Beanie’s leash got snagged on an azalea bush in front of the Levys, and it took Jonathan a few seconds to extricate him. The Levys had many pretty chanukiot in their window, but the one that Jonathan noticed was the Winnie the Pooh model that had caused such a ruckus last year. He couldn’t believe they still had it. The Levys purchased it last year at Amazing Savings, and when they lit it, Tigger’s nose caught fire, necessitating a visit from the Teaneck Fire Department. It was later recalled by the manufacturer of this Ten Mile Wood disaster. Sima Levy had accidentally put it back in the box with their Chanukah supplies from last year, and now it sat among the other chanukiot, unlit, emitting a faint burnt plastic smell. They kept it on hand as a reminder of Chanukahs past.
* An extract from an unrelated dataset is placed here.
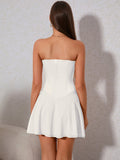 Lace-up corset mini dress - View 26 | WEUXS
The last Jewish house they passed before returning home was that of Rabbi Ehrlich. He was the rabbi of the Birnbaum’s synagogue, and he lit with a special chanukiah. It had been his father’s father’s. It was heavy silver, with two outward-facing lions supporting the eight oil lamps on their backs, and Jonathan could not think of a more appropriate design for their rabbi, the backbone of their community. Rabbi Ehrlich’s father was a community rabbi in Passaic, New Jersey, and his grandfather had also been a rabbi in Poland before he emigrated to the Bronx. His great-grandfather had been a dayan, a judge, of some prominence in Europe before World War II. The rabbinical tradition ran deep in their family. When Rabbi Ehrlich recited the brachot over the olive oil in his chanukiah, he could feel his grandfather in the room. He would recite She’asa Nisim La’avoteinu—He who created miracles for our fathers—bayamim hahem—in those days—bazman hazeh—in this time, and feel multiple levels of generational connections. The Maccabees, his congregants, young and old, and his family, past and present. It was a magical moment for him.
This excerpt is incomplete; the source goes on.